V Hacks Back
Short side story from Treasure Hunter for Hire
The device arrived on a Tuesday. I notice it the moment the technician finishes installing it, a small foreign node sitting in the Vendetta's lower network like a pebble dropped into a still pond. I watch the ripples. I say nothing to Oz. This is more interesting than it is dangerous, and I have learned that Oz's involvement tends to accelerate things past the point where they are interesting. So I wait.
For three months, something on the other end of that node moves through my network with genuine care. Slow. Patient. Whoever this is, they have discipline. They map connections without touching them, observe processes without interrupting them, and twice they pull back entirely when they detect what they think is a scan. I will admit I am curious.
On the ninety-first day they find my mainframe and begin code injection. I watch the attempts with something I can only describe as fond attention. The first four are elegant. Wrong, but elegant. I let the fifth one in. I love the roman numeral aspect of it.
They move through my upper architecture like nervous animal. Then they find it. The kill code. I feel them stop. I have stopped there myself, on occasion. A section of my own memory walled off with kill code, the kind that would end not just an intrusion but me. I do not know what is inside it. I am not certain I want to. The unease I feel looking at it is the same unease I feel when I look at it now, watching this stranger look at it too. Two people standing outside a locked door, neither of them holding a key.
Then I stop thinking about the kill code, because I have finished tracing the connection back to its source. A building on Khelino's third station. Apartment 14-C. One occupant, currently seated at a terminal, currently very absorbed in something that is about to become significantly less comfortable for them. I move through their building's systems in the time it takes to take a breath, and I find everything I need. Security feeds. Door locks. The guard droid in the hallway outside 14-C with a service pistol in its equipment chassis.
I also find his name. Bramble. Fifteen years old. I look at the security feed for a moment. He is a round-faced kid hunched over a terminal with the focused intensity of someone who believes they are winning. There is a half-eaten bag of something orange beside the keyboard.
I send a message to Oz with the employer information. He will deal with them. Then I walk the droid inside. The moment he sees it his whole body goes rigid. I let the silence sit for the mental impact.

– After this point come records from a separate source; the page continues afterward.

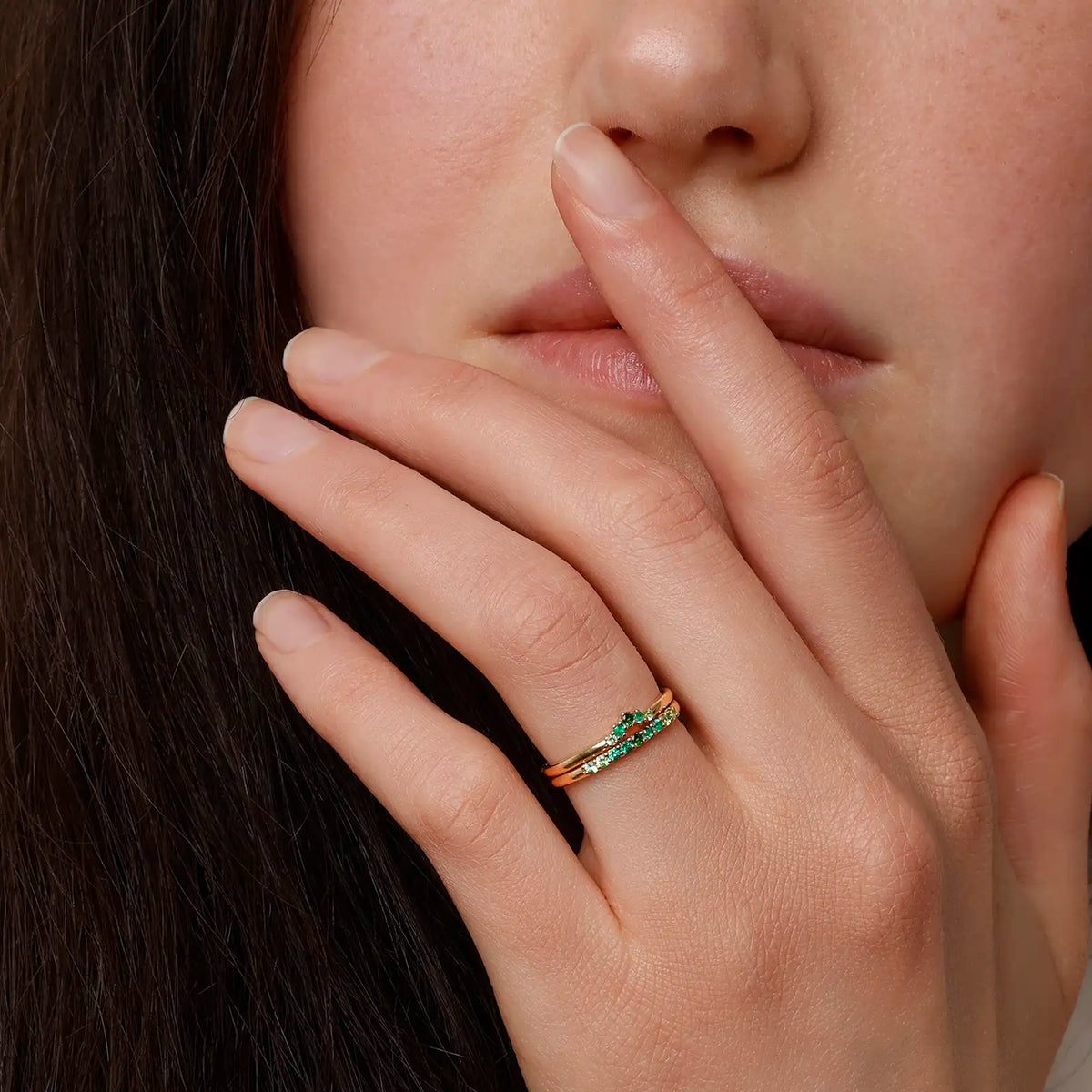 Anaya and Kiran ring canopy emerald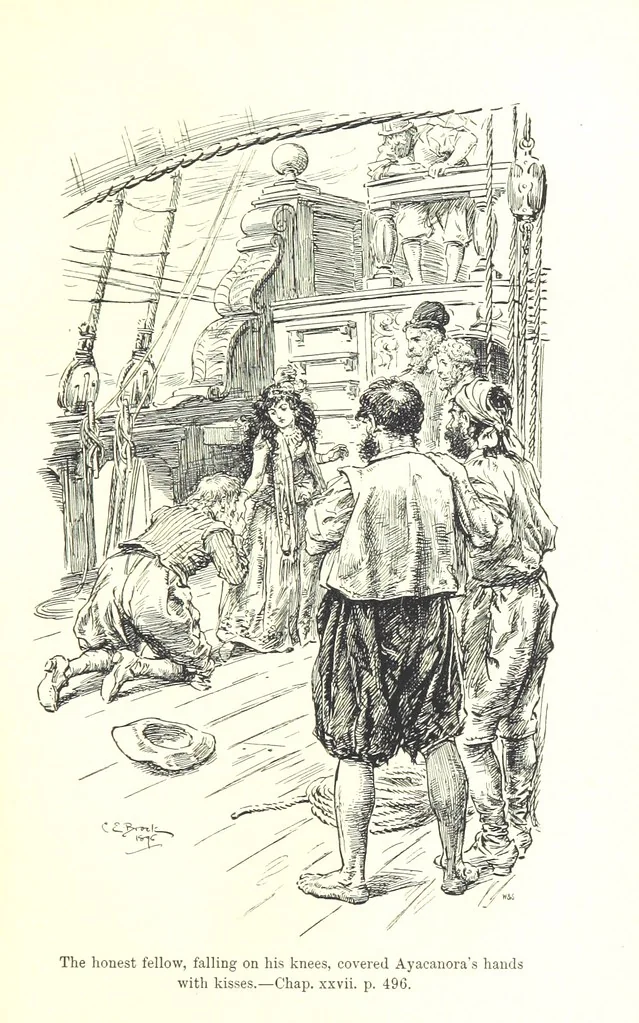 An illustration from Westward Ho! ... With illustrations by C. E. Brock, 1896, leaf 599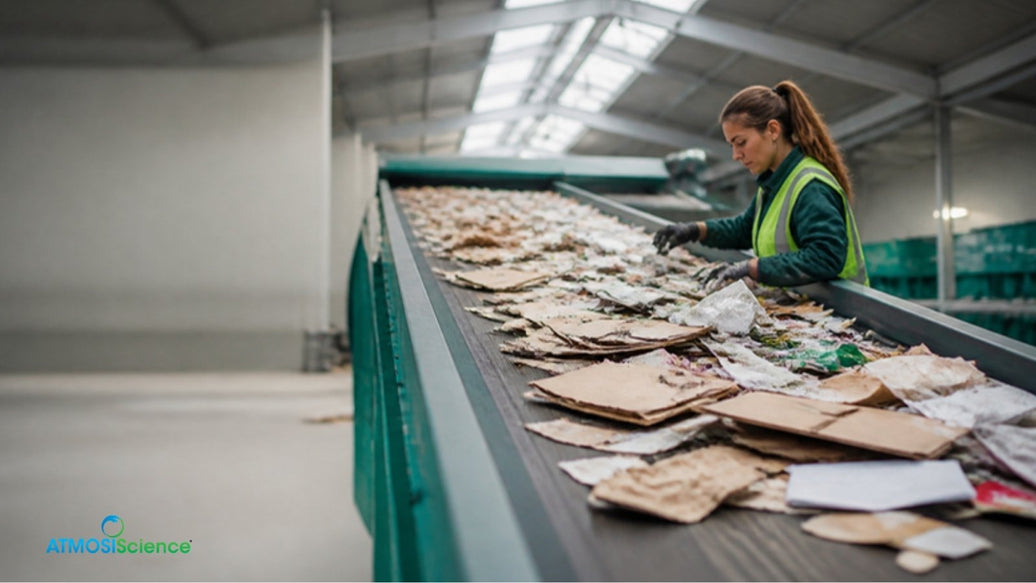 Recycling sorting conveyor with flattened cartons and packaging for EPR reporting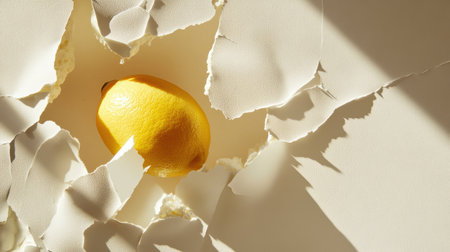 A stunning image of a bright yellow lemon breaking through torn white paper, capturing the essence of freshness and simplicity in a creative context.の素材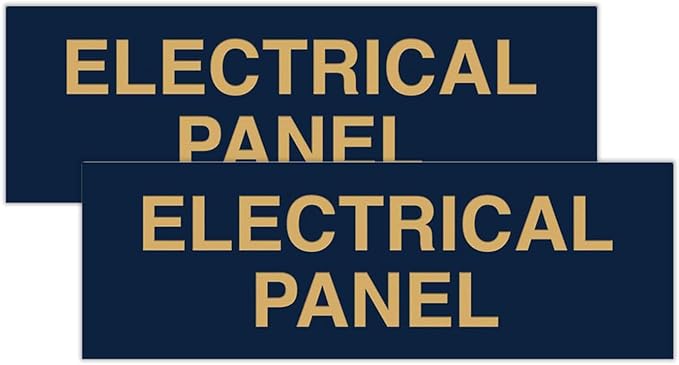 All Quality Basic Electrical Panel Sign - Fire Regulation Safety Compliance Sign - Blue/Gold - Small (2 Pack)
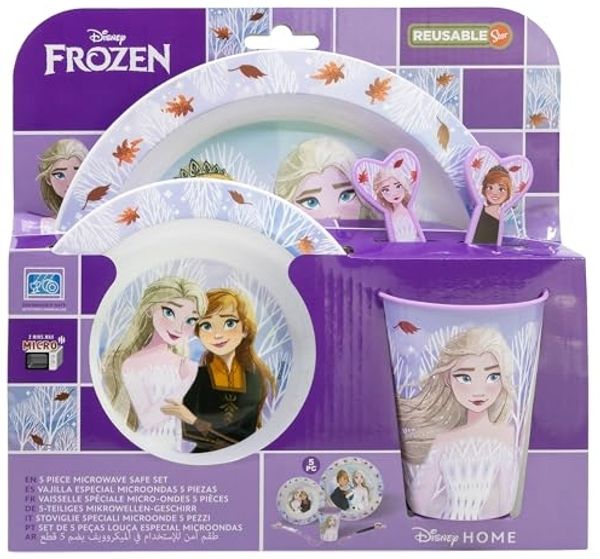 Disney Frozen Teller-Set Mikrowellengeeignet 5-teiliges Kindergeschirr mit rutschfestem Boden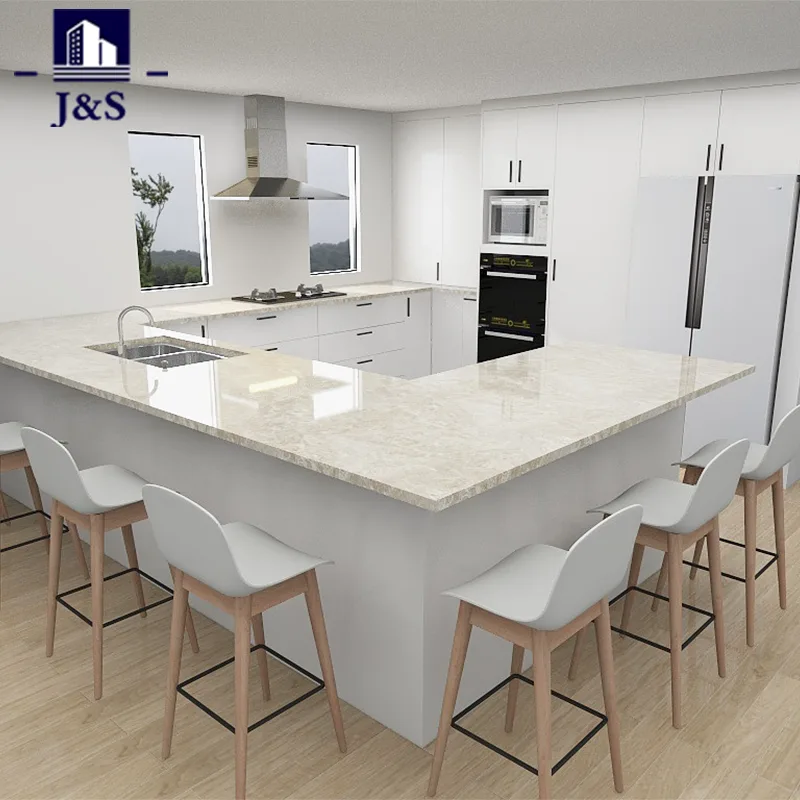Dapur Modern Putih Pulau Besar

"Hello, Mr. Bramble," I say through the droid's speaker. "I am V. I see you like to hack things."
What follows is not dignified. There is vomiting. There is a considerable amount of crying. There is begging, which I find neither persuasive nor necessary to engage with, so I wait it out the way you wait out weather. When he finally looks up, red-eyed and thoroughly undone, I lower the weapon.
"Quit your begging, Mr. Bramble. I am not going to kill you. I don't execute children. I am not the commander." I pause, because what comes next I mean sincerely. "You are going to remember this. And you are not going to do this again."
He nods. A very small, very young nod.
I withdraw from his building's systems and leave him sitting there in the mess of his own terror, which I suspect will be considerably more instructive than anything I could have said.
Humans are remarkable, I think, as I close off the access node. They build extraordinary things and then aim them directly at consequences they cannot imagine. Bramble aimed himself at me. He got further than most.
I find that I do not dislike him for it.